Exercise objective:
Only the lines from the top of the data through the line with "Soft Ribbed Drawstring Wide Leg Pant" should be repeated, each exactly as written.

Information given:
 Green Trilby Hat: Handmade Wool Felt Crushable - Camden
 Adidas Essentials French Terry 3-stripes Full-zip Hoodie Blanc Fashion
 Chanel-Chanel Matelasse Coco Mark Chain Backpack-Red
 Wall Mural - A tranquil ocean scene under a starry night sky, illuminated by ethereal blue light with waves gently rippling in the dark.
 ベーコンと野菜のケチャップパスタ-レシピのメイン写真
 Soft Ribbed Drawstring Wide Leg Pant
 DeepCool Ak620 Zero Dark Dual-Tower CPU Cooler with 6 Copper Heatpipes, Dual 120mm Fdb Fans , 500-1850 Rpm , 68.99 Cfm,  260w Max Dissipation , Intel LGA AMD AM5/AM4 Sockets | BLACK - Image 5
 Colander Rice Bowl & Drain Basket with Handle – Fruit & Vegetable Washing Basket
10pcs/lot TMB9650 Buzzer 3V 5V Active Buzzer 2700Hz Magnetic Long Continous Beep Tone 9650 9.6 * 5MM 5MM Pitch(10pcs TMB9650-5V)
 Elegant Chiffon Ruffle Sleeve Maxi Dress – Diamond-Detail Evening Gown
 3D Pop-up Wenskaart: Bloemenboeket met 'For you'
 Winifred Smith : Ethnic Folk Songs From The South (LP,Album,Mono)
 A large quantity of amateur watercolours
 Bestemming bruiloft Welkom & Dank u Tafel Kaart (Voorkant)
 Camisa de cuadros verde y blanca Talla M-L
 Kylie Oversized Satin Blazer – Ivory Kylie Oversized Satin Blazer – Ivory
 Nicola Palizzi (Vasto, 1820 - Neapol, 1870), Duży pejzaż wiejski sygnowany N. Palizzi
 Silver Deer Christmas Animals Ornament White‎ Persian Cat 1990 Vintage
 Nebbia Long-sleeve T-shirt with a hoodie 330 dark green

Result for this exercise:
 Green Trilby Hat: Handmade Wool Felt Crushable - Camden
 Adidas Essentials French Terry 3-stripes Full-zip Hoodie Blanc Fashion
 Chanel-Chanel Matelasse Coco Mark Chain Backpack-Red
 Wall Mural - A tranquil ocean scene under a starry night sky, illuminated by ethereal blue light with waves gently rippling in the dark.
 ベーコンと野菜のケチャップパスタ-レシピのメイン写真
 Soft Ribbed Drawstring Wide Leg Pant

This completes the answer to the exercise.